That’s the end of the Star Wars references, we swear — please don’t go.

Obama announced on Tuesday that he has ordered new, stricter fuel-efficiency rules to curb greenhouse gas emissions from large trucks. This will build on an earlier set of standards that were developed in 2011 and took effect this year. The new standards, to be drawn up by the EPA and Department of Transportation, are supposed to be finalized by 2016, before Obama leaves office, and then go into effect starting in 2018.

“Improving gas mileage for these trucks is going to drive down our oil imports even further,” Obama said. “That reduces carbon pollution even more, cuts down on businesses’ fuel costs, which should pay off in lower prices for consumers. So it’s not just a win-win; it’s a win-win-win. We got three wins.”

Heavy-duty trucks make up just 4 percent of vehicles on the roads, but they emit 20 percent of CO2 emissions from the transportation sector, the second most polluting sector of the U.S. economy. And big trucks used over 28 billion gallons of gasoline in 2011. Taking these figures into consideration, it’s easy to see how the new rules could have a climate impact. Michelle Robinson of the Union for Concerned Scientists told The New York Times that the new standards could bring down oil consumption by one million barrels per day by 2035.
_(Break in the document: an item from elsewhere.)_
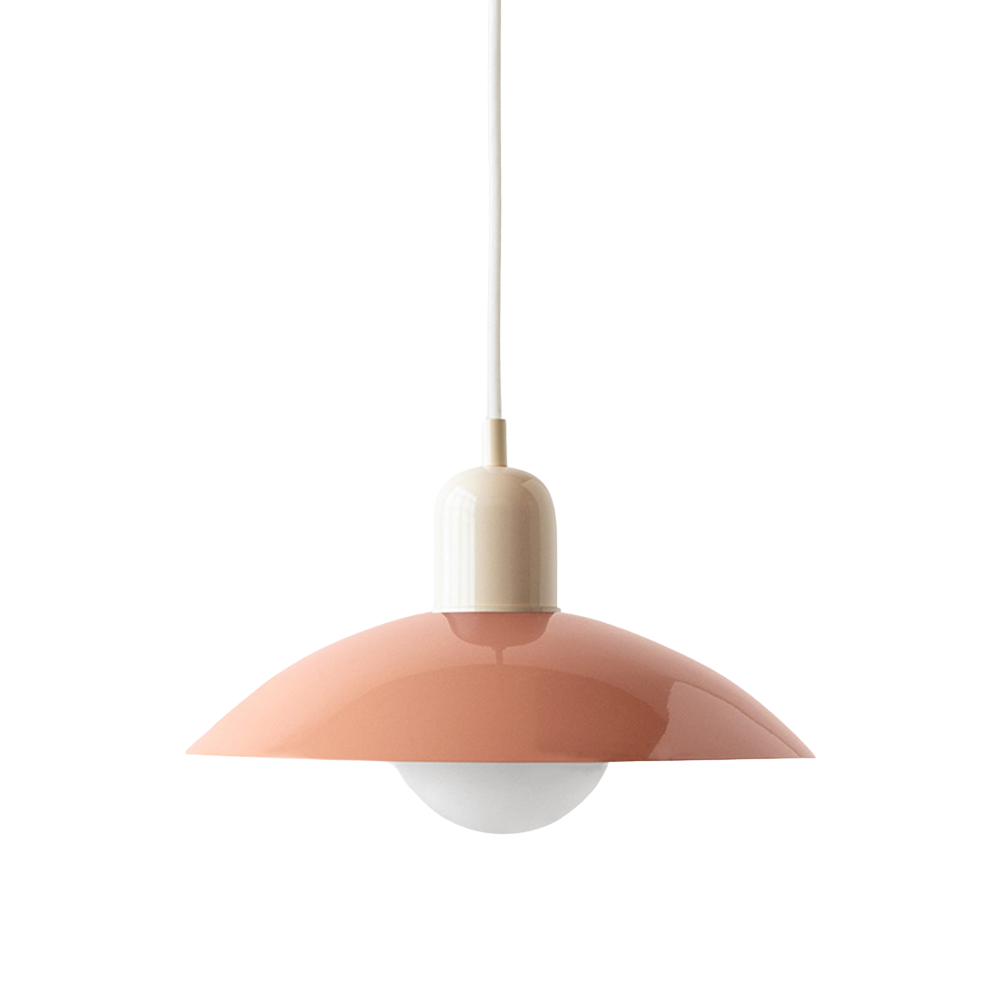 Brinor | Minimalist Macaron-Inspired Pendant Lamp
Obama is also urging Congress to repeal $4 billion worth of federal subsidies currently enjoyed by oil and gas companies each year, while proposing a $200 million tax credit for companies that work to develop vehicles and infrastructure that run on alternative sources of energy.

Obama declined, to our chagrin, to comment on how he’s going to address trucks that will not commit to a lane, trucks with stupid bumper stickers, and truck drivers’ indiscriminate use of both the middle finger and the horn — all issues of equivalent national import.